In dentistry, dexamethasone usually is studied with third molar surgeries. Third molar extraction is one of the most common procedures carried out by oral and maxillofacial surgeons. Surgical removal of third molars usually requires bone removal, flap reflection, and tooth sectioning. Injuries caused by manipulation of the surrounding tissue and association with postoperative sequelae such as pain, edema, and trismus reduce the quality of life of the patient. Typically, with a patient experiencing moderate to severe pain, analgesics are prescribed. Given the potential of non-steroidal anti-inflammatory drugs (NSAID) to cause acidity that induces a more severe side effect in some patients, the type and amount of analgesics must be selected carefully to avoid potential adverse side effects¹⁶.

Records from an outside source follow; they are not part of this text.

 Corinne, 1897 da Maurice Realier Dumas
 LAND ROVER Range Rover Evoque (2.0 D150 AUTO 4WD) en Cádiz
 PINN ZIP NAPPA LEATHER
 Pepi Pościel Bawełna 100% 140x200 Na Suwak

Pain, swelling, and trismus occur predominantly because of inflammation following third molar surgeries. Pain is a result of inflammation caused by tissue injury^17,18. Postoperative pain increases the patientʼs anxiety and suffering and significantly influences wound health and healing predictability¹⁹. Although the various pain measurements have limited validity, they should accurately describe patient pain²⁰. One of the most applied measurements is the visual analogue scale (VAS). This parameter is utilized to determine the subjective pain experience of patients, especially those who underwent oral and maxillofacial surgeries²¹. Multiple studies have used VAS to indicate pain response with dexamethasone administration^7,13,22-28. Other studies have relied on analgesic intake along with VAS in determining pain levels^7,23. It was emphasized in a study by Laureano Filho et al.²² that dexamethasone has a minimal effect on pain but a large influence on swelling and trismus. Additionally, VAS results by Gozali et al.²³ showed pain reduction only with the sublingual route.

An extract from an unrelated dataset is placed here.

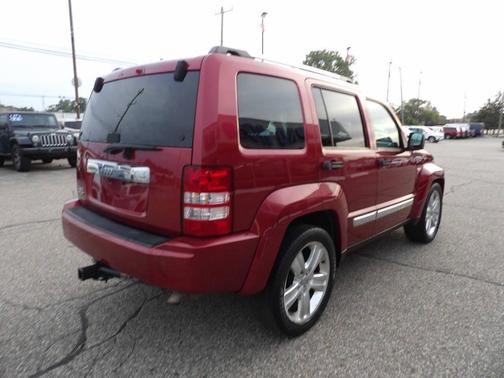 2012 Jeep Liberty Jet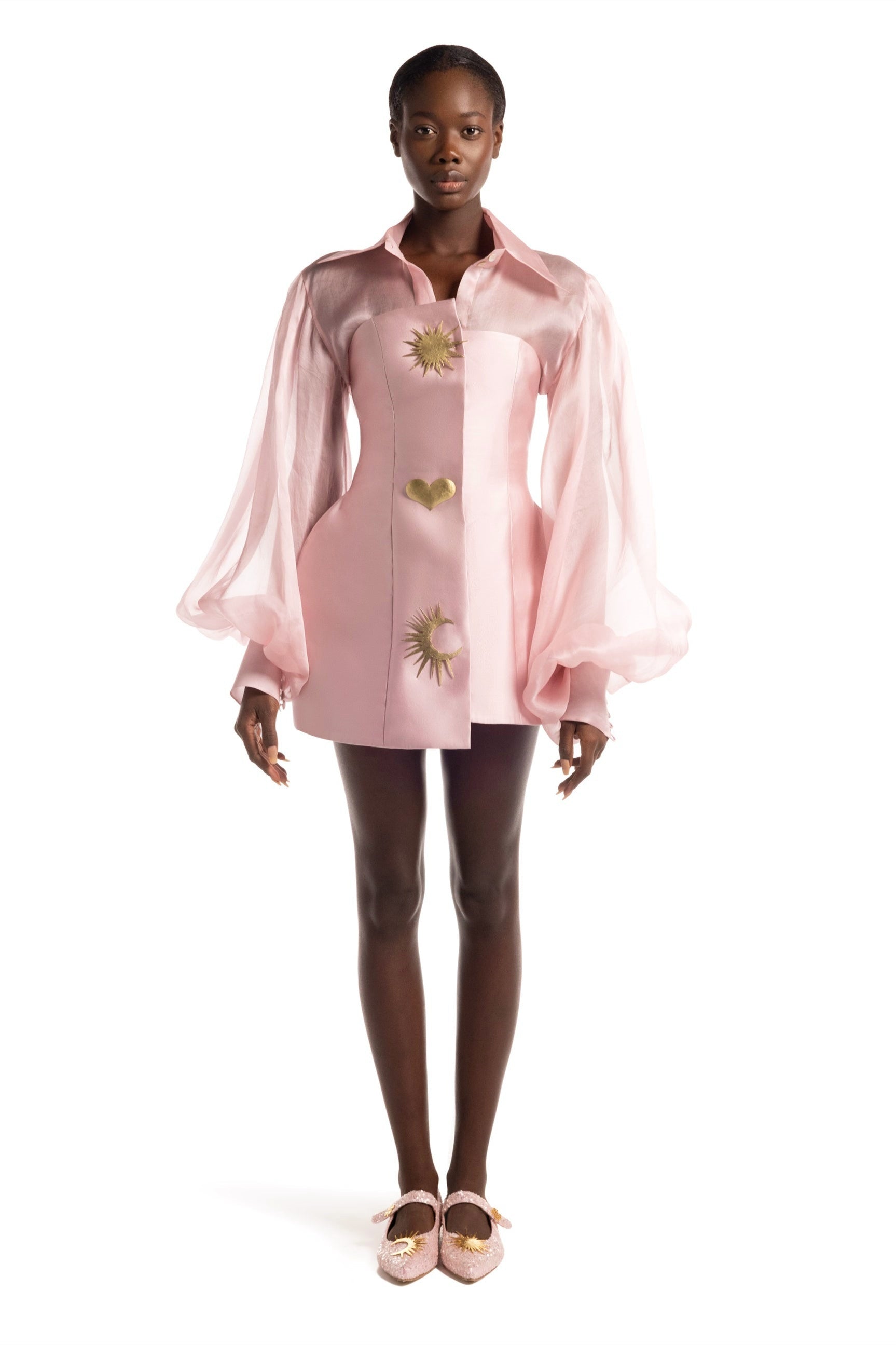 Frederica Celestial Dress Set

Swelling can occur where the bone, gingiva, and mucosa are manipulated during prolonged surgery. There is no single method to measure swelling because linear estimations are not reproducible²⁹. Studies involving dexamethasone usually contain direct swelling measurements at six anatomical points and determining the mean of the linear dimensions (angle of the mandible, tragus, commissure of the lips, nasal border, pogonion, and lateral to the outer canthus of the eye). The points generally are described based on planes from the tragus of the ear to the corner of the mouth, from the gonion to the commissure of the lips, and from the outer canthus of the eye to the gonion^13,22,24,28. Several studies only measured four points based on planes from the tragus of the ear to the commissure of the mouth, outer canthus of the eye, and angle of the mandible or gonion^25-27,30. Majid and Mahmood³¹ assessed the two measurements from the tragus of the eye to the midline (pogonion) and to the outer canthus of the eye to the gonion.

Trismus is limitation in mouth opening caused by immobilized facial musculature and nervous structures to reduce discomfort after surgery^13,22,32. Several studies involving dexamethasone have quantified trismus by measuring the interincisal distance with a ruler or a caliper. This parameter usually is measured as the distance between the incisal angles of the maxillary and mandibular central incisors at maximum opening^13,22-28. However, Al-Shamiri et al.¹³ created a different approach by calculating the difference between maximum opening preoperatively and postoperatively.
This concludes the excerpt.